For a long time now the white elephant in the room has been Class D digital amplification. In many ways Class D has been seen as the natural future for driving loudspeakers, in much the same way that electricity is the obvious fuel for powering cars.
Unfortunately, the results have been almost equally ambivalent in both cases. Digital amplifiers run cooler, consume less power and consequently, are greener than traditional amplification, which have to be good things.
With most music sources starting life as digital once they hit the microphone, it makes obvious sense to preserve the music signal in digital form as long as possible to avoid degradation.
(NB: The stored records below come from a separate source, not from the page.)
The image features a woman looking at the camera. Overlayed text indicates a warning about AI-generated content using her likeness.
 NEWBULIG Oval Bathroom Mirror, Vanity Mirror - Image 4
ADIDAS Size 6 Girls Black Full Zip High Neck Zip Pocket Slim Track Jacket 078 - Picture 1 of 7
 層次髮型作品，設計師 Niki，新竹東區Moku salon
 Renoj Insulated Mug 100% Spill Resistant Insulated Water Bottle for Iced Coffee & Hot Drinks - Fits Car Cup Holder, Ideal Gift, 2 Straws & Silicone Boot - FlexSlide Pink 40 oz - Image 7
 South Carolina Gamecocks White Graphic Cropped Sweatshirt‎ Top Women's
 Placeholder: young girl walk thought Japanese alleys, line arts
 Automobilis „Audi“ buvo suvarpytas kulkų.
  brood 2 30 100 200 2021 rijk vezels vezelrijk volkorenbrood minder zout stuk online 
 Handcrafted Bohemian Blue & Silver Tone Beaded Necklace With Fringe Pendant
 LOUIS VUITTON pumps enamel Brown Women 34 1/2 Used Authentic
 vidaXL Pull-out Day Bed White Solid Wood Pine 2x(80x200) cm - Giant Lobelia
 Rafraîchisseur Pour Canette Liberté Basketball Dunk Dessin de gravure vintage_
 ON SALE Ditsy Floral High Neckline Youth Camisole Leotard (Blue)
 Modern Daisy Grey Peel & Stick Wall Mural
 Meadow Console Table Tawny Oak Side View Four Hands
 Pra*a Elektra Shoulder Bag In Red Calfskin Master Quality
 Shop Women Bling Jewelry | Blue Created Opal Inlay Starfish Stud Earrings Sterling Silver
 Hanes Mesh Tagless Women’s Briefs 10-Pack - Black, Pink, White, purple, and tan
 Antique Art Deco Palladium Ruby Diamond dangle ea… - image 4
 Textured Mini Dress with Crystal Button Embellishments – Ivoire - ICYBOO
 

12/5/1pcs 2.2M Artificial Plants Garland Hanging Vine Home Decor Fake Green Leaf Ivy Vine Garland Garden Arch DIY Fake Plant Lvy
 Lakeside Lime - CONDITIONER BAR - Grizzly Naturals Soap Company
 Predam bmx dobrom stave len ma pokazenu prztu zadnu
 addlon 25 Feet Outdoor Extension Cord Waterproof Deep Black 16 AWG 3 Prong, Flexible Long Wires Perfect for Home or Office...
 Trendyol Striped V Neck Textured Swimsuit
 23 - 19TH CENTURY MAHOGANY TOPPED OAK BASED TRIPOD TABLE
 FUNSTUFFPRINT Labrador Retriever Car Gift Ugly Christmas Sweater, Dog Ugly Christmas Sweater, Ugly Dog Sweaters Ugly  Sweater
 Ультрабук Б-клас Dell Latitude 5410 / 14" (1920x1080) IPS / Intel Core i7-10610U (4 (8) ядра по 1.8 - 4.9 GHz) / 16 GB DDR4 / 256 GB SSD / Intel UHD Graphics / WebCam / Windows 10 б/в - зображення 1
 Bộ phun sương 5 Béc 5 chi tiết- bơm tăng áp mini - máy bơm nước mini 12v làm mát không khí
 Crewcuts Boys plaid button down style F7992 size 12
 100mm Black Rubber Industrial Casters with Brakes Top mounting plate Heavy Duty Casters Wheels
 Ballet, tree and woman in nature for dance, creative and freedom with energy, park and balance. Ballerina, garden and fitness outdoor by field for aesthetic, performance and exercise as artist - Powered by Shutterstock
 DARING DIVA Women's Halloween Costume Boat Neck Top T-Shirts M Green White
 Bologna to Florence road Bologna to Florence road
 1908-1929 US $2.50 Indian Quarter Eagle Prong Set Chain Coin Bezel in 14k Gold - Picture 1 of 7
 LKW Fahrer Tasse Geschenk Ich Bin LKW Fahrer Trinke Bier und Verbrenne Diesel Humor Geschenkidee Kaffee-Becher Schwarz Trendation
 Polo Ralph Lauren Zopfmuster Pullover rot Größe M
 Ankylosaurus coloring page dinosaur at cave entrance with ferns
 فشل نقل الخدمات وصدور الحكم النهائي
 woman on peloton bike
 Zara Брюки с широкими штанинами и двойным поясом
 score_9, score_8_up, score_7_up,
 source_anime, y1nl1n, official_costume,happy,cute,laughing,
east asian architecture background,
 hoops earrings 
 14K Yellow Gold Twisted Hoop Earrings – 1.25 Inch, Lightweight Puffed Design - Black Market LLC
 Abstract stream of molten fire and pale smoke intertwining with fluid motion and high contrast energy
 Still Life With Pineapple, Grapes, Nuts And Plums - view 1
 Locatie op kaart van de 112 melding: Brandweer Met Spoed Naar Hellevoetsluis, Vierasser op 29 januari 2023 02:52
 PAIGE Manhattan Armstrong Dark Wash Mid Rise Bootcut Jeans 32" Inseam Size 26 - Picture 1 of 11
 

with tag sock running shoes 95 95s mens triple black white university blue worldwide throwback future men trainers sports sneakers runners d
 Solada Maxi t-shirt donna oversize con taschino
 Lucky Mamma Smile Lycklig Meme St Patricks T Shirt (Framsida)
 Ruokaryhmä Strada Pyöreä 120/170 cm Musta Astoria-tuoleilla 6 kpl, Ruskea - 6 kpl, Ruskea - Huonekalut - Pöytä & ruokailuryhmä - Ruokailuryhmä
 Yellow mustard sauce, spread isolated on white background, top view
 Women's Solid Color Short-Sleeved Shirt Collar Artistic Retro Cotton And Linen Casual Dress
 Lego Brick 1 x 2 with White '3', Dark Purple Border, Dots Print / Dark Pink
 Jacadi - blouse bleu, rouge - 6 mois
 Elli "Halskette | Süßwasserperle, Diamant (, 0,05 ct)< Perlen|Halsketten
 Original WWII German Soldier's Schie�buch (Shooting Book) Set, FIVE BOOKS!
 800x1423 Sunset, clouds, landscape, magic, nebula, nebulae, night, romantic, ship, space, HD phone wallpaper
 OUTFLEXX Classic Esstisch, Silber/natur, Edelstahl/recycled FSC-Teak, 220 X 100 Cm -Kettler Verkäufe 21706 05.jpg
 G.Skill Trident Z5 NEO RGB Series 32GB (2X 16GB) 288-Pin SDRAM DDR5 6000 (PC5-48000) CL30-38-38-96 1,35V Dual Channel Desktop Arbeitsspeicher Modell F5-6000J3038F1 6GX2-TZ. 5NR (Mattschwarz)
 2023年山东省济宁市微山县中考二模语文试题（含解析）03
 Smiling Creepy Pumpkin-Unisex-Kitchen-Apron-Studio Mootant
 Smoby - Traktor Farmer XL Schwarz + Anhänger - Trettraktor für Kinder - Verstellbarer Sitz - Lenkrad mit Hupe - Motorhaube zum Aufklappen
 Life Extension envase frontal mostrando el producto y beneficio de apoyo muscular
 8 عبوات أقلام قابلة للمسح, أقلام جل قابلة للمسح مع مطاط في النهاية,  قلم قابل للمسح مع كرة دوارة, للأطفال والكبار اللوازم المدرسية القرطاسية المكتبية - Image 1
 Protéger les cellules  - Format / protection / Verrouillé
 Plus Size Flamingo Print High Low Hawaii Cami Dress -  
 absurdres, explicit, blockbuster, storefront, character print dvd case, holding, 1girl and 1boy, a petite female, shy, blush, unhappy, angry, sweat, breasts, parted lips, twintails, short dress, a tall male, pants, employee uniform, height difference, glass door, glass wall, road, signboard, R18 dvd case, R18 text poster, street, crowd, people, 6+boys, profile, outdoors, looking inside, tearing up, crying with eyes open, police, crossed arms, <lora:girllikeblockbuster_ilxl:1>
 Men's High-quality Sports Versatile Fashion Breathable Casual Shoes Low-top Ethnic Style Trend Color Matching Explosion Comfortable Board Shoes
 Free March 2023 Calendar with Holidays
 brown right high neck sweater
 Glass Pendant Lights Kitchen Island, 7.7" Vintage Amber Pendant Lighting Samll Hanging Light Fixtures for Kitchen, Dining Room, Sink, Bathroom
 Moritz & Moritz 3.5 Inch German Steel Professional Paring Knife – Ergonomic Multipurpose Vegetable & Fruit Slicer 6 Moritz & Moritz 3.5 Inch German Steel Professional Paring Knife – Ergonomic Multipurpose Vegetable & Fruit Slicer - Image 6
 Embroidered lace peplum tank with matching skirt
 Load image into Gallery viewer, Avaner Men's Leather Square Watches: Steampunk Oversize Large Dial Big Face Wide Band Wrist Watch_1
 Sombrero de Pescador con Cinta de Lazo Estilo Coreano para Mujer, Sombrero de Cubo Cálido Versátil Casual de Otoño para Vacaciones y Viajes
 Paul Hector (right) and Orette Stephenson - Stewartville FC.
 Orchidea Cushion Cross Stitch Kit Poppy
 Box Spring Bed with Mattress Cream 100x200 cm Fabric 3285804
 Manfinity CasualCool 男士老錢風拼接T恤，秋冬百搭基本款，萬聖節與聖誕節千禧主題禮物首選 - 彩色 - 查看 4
But so far, at least, digital amplification in its many and varied forms has not been a conspicuous success sonically and is generally confined to the lower shelves powering cheap integrated systems and their ilk, where simplicity and low cost are the key attractions.
Digital future
Here, perhaps, is an exception to the rule, arguably the most striking example of its kind to date. The original and, so far, one of the few truly serious high-quality digital amplifiers was the TacT Millennium, which due to structural changes within the company has been transmogrified into the virtually identical looking and functionally similar Lyngdorf Millennium, now in its fourth iteration.
Quite how to describe the Millennium IV is moot. It drives loudspeakers and has a volume control, which qualifies it as an integrated amplifier. But it won't handle analogue inputs without external assistance (described later), and in its basic form as reviewed here, it is more of a power amplifier with an on-board D/A convertor than an integrated amplifier, albeit one that has its own volume control.
The Millennium has been around in one form or another since as far back as 1998 – more than a decade ago. But Lyngdorf claims it is one of the few truly digital amplifiers and there are good reasons why this is the case. Most digital amplifiers are only part digital, in some cases because they use a digital architecture for only part of the audio chain.
Lyngdorf's enabling digital technology called equibit, is digital from input through to output – in fact as standard the Millennium cannot even accept an analogue signal input and at the loudspeaker end of the chain, the signal remains digital until the very final stage.
This involves a simple 12dB/octave filter consisting of an inductor and a capacitor to roll away the very high-frequency digital noise above 60khz that would otherwise pollute the loudspeaker feed. Uniquely, the volume control does not attenuate the audio signal, which would reduce resolution.
Over most of its range, all it does is to control the voltage from the power supply output stage at anything upwards of three volts output, which corresponds to 19 on the volume dial. This simple, elegant solution means that the volume control is not in the signal path. Anything above this level and below the maximum output of 58 volts is handled with full 24-bit precision, with the system clock set at 352.8khz, high enough not to interfere with the audio.
At very low levels – where power supply attenuation is no longer possible – the resolution of the signal is reduced, but the volume level through the speakers is very low by that point, so the impact on the audio is negligible. By the same token, there is no amplification of the audio signal either, which eliminates another whole set of problems.